2019年08月16日

独り言


艦艇のスプリンクラー

某所において艦艇のスプリンクラーについて質問が挙がっていましたが、それに対する回答で次のようなものがありましたので、少々補足を。

スプリンクラーって、そんなに役立ちますか。火薬庫に引火しそうでしたら緊急注水でしょうし、・・・・ (中略) ・・・・ 艦艇の場合は、爆発物はある、可燃性液体もある、だったらスプリンクラーよりも、各所にある消火栓からの注水のほうが主になる


帆船から鋼船の近代艦船になった明治期以降、艦艇の 「砲火薬庫」( 「黒色火薬庫」 を含む) には戦闘被害時などでの引火・誘爆防止のために庫内を海水で充たすため(15分以内に庫内を満水とする能力)の 注水装置に加え、併せて 庫内冷却のため のスプリンクラーが装備されることとなっていました。

ただし、当時は 「散水装置(スプリンクラー)」 とは言わずに 「撒水装置(Water Shower)」 と呼んでおりましたが。

Water_Shower_01_s.JPG
( 昭和初期の艦艇の例 )


この撒水装置は艦艇において火薬庫内温度上昇時に庫内を冷却することが主目的ですが、入渠時に弾火薬類を卸さないで行う場合には、この散水装置を陸上側の消火栓に繋いで使用することとなっておりました。


もちろん現在の海上自衛隊の艦艇でも、この散水装置は弾火薬庫やミサイル弾庫等に同様の目的で装備されていることは申し上げるまでもありません。
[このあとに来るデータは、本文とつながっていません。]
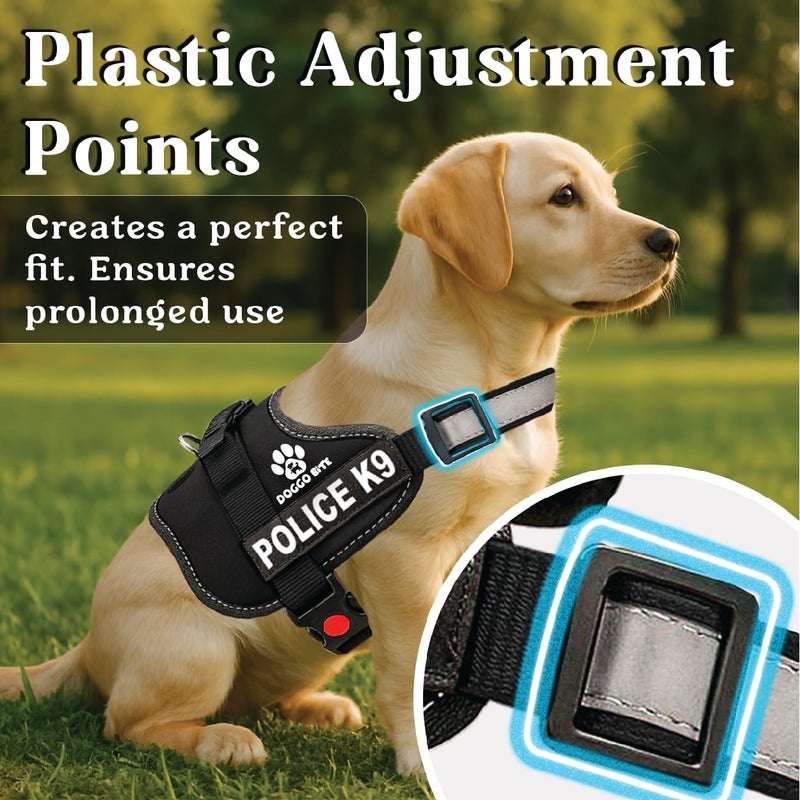 DOGGO BITE Premium K9 Police Dog Harness – Soft, Breathable, Adjustable | Strong Handle, No-Choke Design, Reflective Strips | Removable Patch, Free Leash, Chest (28-36 Inch) for Giant Breeds 35-60 kg - Image 3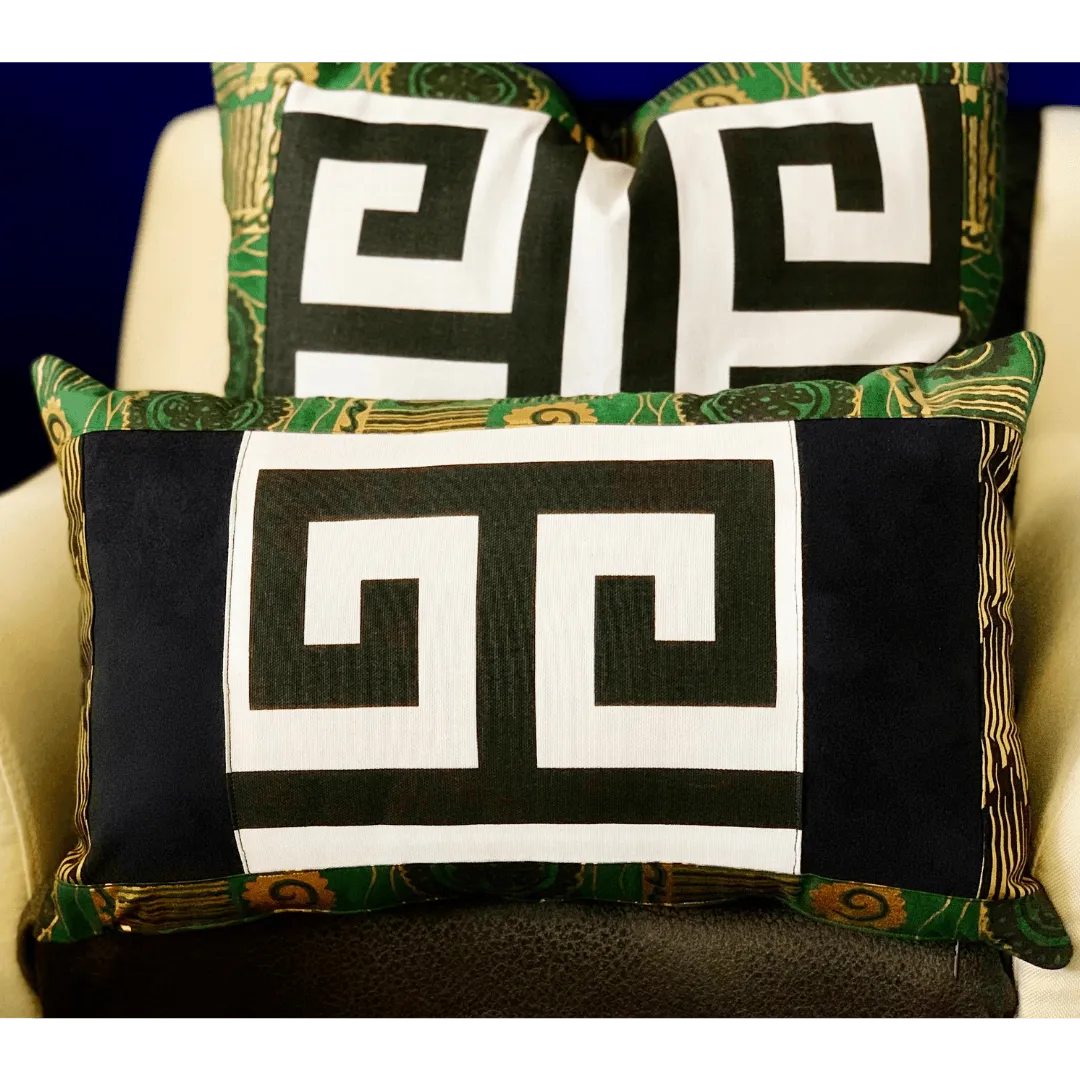 black gold and green ethnic pillow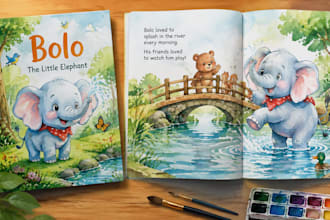 watercolor children book illustrations and children book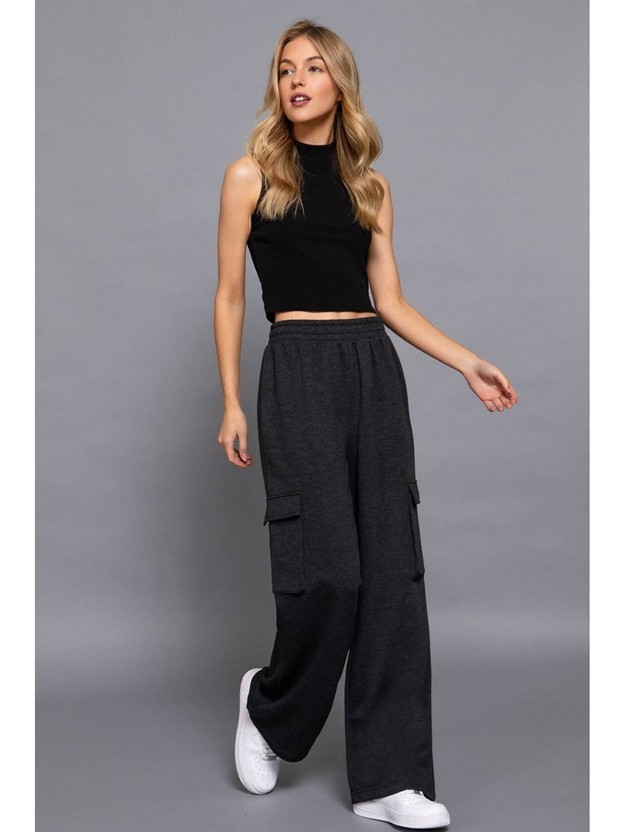 TTR Charcoal French Terry Cargo Long Pants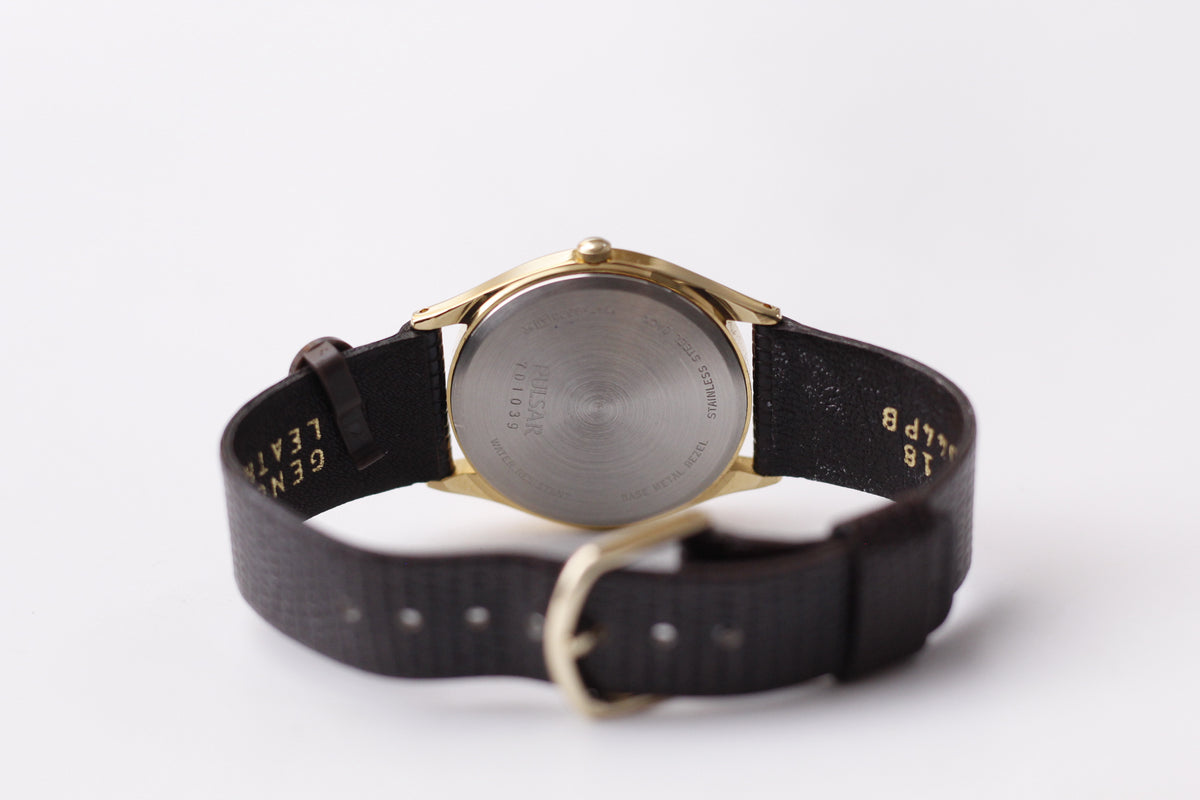 [Near Mint] 1997 Pulsar Quartz Golden Dial Men's Wrist-Watch W/Box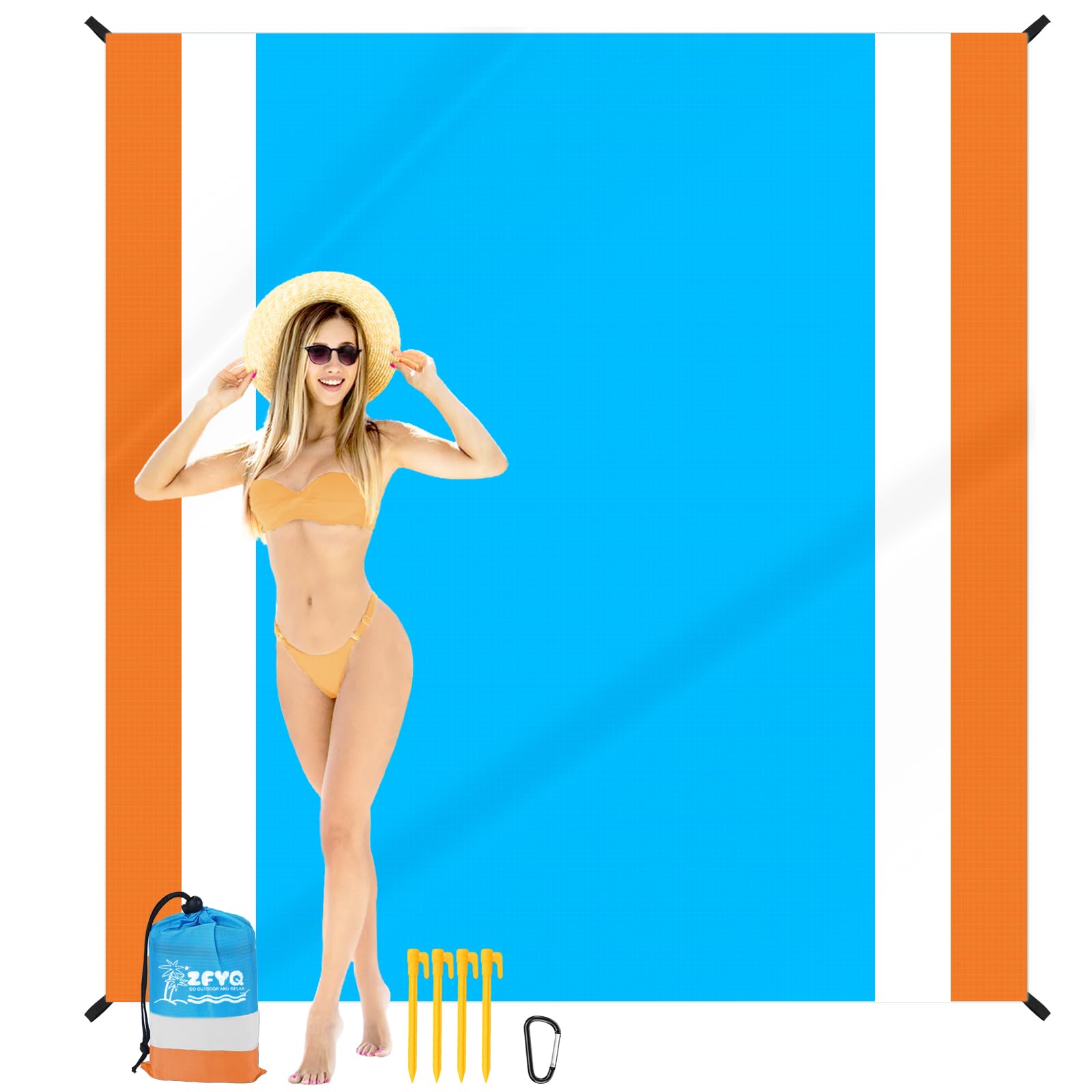 ZFYQ Picnic Blanket 200 x 210 cm, Waterproof Lightweight Compact Beach Blanket with 4 Pegs for Beach, Camping, Picnic and Outdoor Travel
ただし、旧海軍のように入渠時に弾火薬を搭載したままということは規則上あり得ませんが (^_^;


(8月18日追記) :

追加の回答がついたようですが ・・・・


現在の軍艦では、スプリンクラー等は、消火だけでなく他の用途も考えて設置されている

何を言いたいのかよく判りません。 まさかCBR戦用の水幕装置であるスプリンクラーは消火用を兼ねたものとでも言いたいのでしょうか? (^_^;

復役直後のアイオワ級戦艦の砲塔内の爆発事故時に、世界の艦船に掲載された写真では、ホースで消火しているようです。但し、砲塔内は映っていません。

これも、だから何だと言いたいのか全く判りません。

艦船の消火栓からの消火ホースの先端にはどのようなものが付けられ、どのように使われるのかご存じないようですね。